The good news is, analytics tools like Google Analytics (or Fathom for the privacy-minded) track nearly all users, so there’s no need to randomly sample (and when they do, it’s a real random sample). They also go a long way to answer the “whys.” Sometimes metrics differ by desktop or mobile — which points to device type as influential. Sometimes metrics differ by browser, which could point to specific browser bugs. With the right cut of the data, an analytics tool can often answer the why through data alone. In our case, to develop our product roadmap, we used search trends and our internal analytics to get insights that solitaire players also played Mahjong, Hearts, FreeCell, and Spider Solitaire.
Going further, tools like HotJar record randomly-sampled screens and create heatmaps, so you can actually see what a random sample of users does on your site, which arguably is multiples more valuable than getting a response from a self-selected user or someone in a user research lab. (Note, the privacy-minded out there may not like these sorts of recording software tools — which is a worthy debate to have).
Ultimately, what someone may say in a survey or explain in a lab will differ from how they’ll react in real life. The only way to know if something is working is to try it. There are many low-cost ways to try new things, including a/b testing and painted door testing (link to other post), that will minimize the time it takes for you to learn about user behavior.
The benefits of experimentation go beyond simply user-testing. Building an organization that can execute tests quickly means that you can iterate faster. Waiting for user research feedback can often have the opposite effect — adding an additional bottleneck into an often already complex software development process. Innovating early and often is good.
Some sites, like Stitchfix, don’t guess what their users want — they just ask. Integrating a survey into the actual user experience, which more or less forces users to respond and reduces bias, is another way of learning a user’s intent.
One of the few times when user research is beneficial is when you don’t need a random sample — aka, you have big, enterprise customers that account for a majority of your revenue.
Another area where user research can be important is when you have zero product and are only exploring a market.

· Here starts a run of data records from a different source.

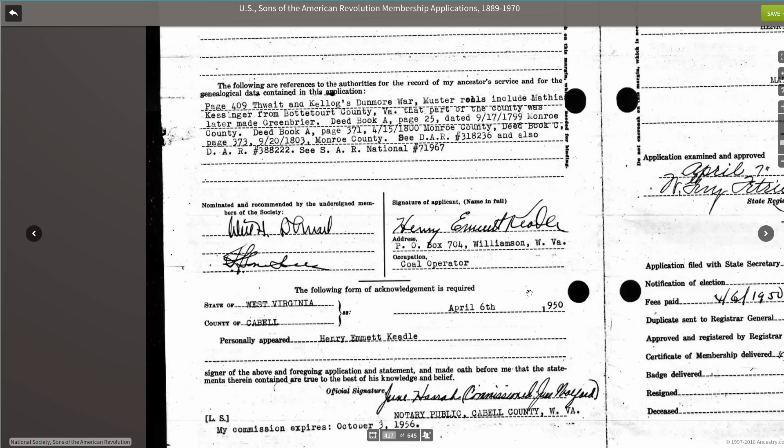The Sons of the American Revolution applications give us so many clues that we can use to follow up for more research on our own patriot ancestors.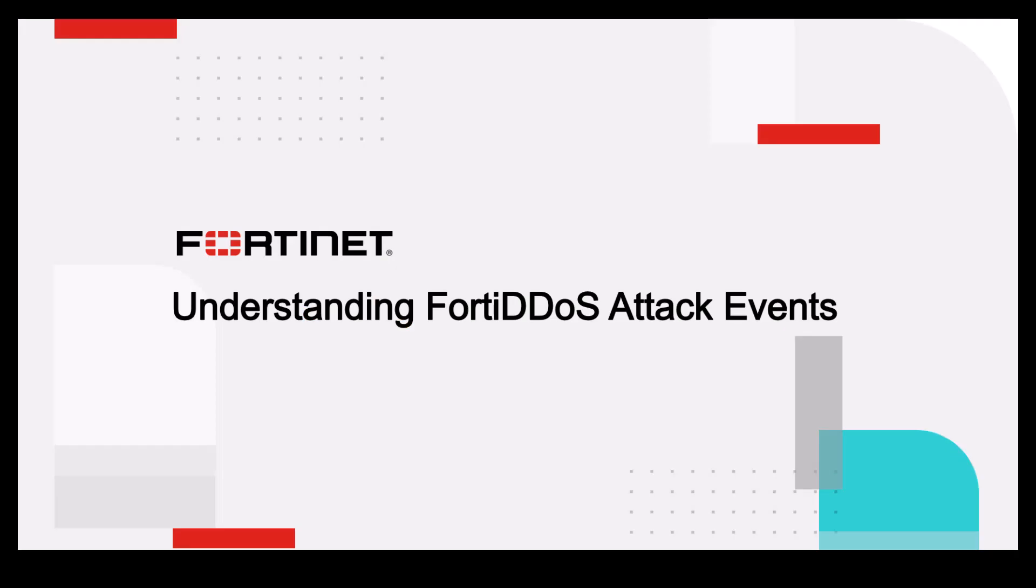Hi and welcome to this short video on understanding FortiDDoS attack events. Before we go to the details of how FortiNet FortiDDoS reports the attack events, I would like to give you a quick overview of why stopping DDoS attacks is very important.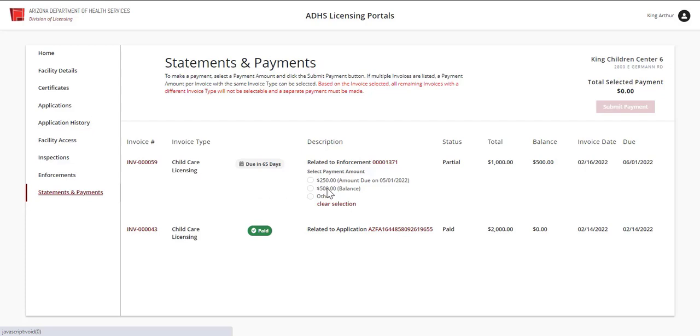Next, the description column shows what the invoice is related to and the amount for the payments. Payments can be made directly from this page for multiple invoices or from the invoice detail page.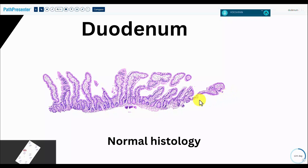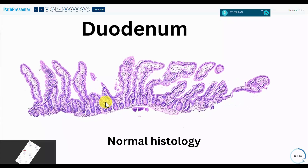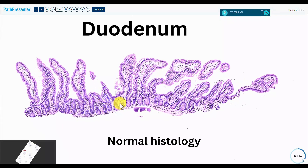We're talking about normal histology, and this is a perfectly oriented piece of duodenum — you seldom get it oriented like this. Let's look at the various parts.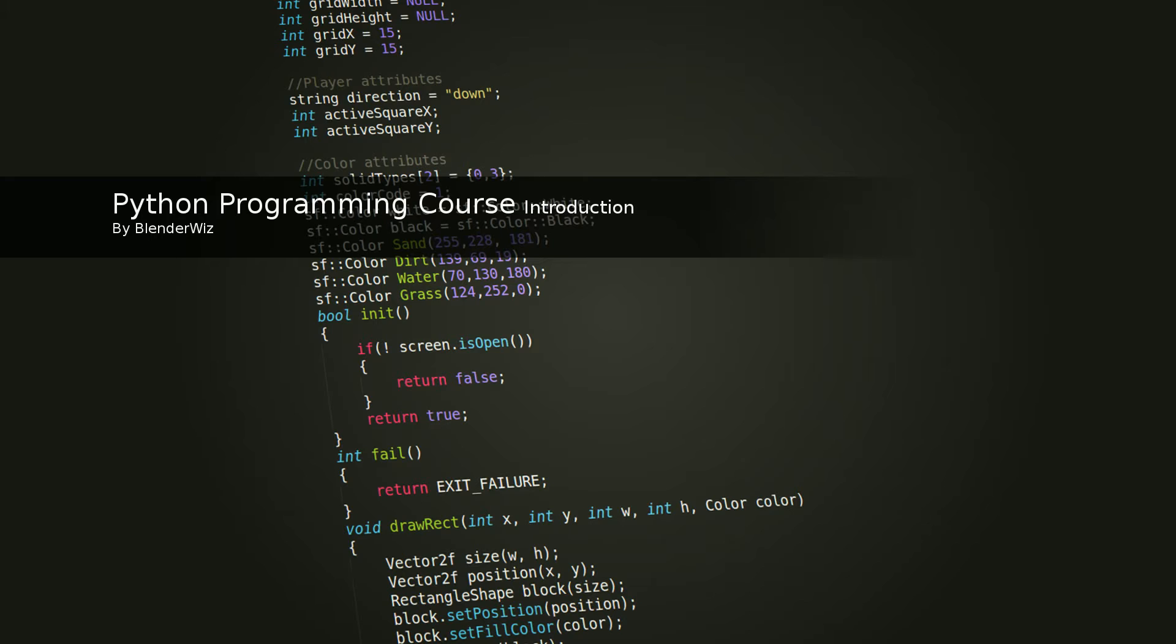Hello, and welcome to this BlenderWiz tutorial series on Python programming. My name is Evan Wild, and my goal for this series is to give you a solid introduction to programming.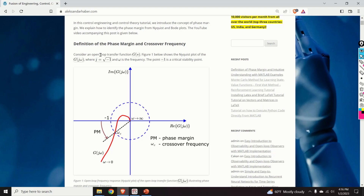Hello everyone and welcome to control engineering and control theory tutorials. In this tutorial we introduce the concept of phase margin. Phase margin is an important measure of the system's stability. We explain the basic idea behind the phase margin and we explain how to identify the phase margin from Nyquist and Bode plots.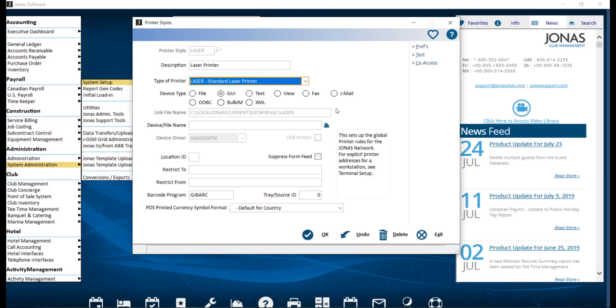Below that is the device slash file name. Use this field to browse and link the printer style to a Windows system printer. Shared printers that are dedicated to one purpose, like POS chit and preparation printers, are situations that require tying a Windows printer name to a particular style.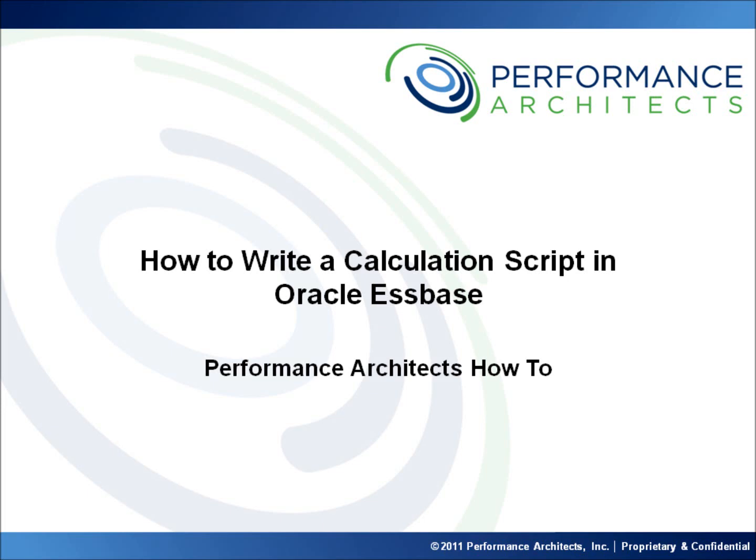Hello and welcome to another Performance Architects how-to. Performance Architects is a business and technology consulting company that helps companies initiate and sustain big changes in their performance management and business intelligence environments and processes.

Here, however, the most important part is building relationships with potential customers — user research here is less about actual product workflows and more about building the customer relationships you need to get started.
Most importantly, user research is not just a standard stage in the product development process, where you are interviewing individual customers and relying on non-random feedback. User research should be thought about more holistically, encompassing all the tools that you have, and relying on the ones that can give you a more complete picture of user behavior — that includes analytics, experimentation, and data-yielding product workflows. Perhaps Google’s embrace of quantitative user research will move product development further in this direction.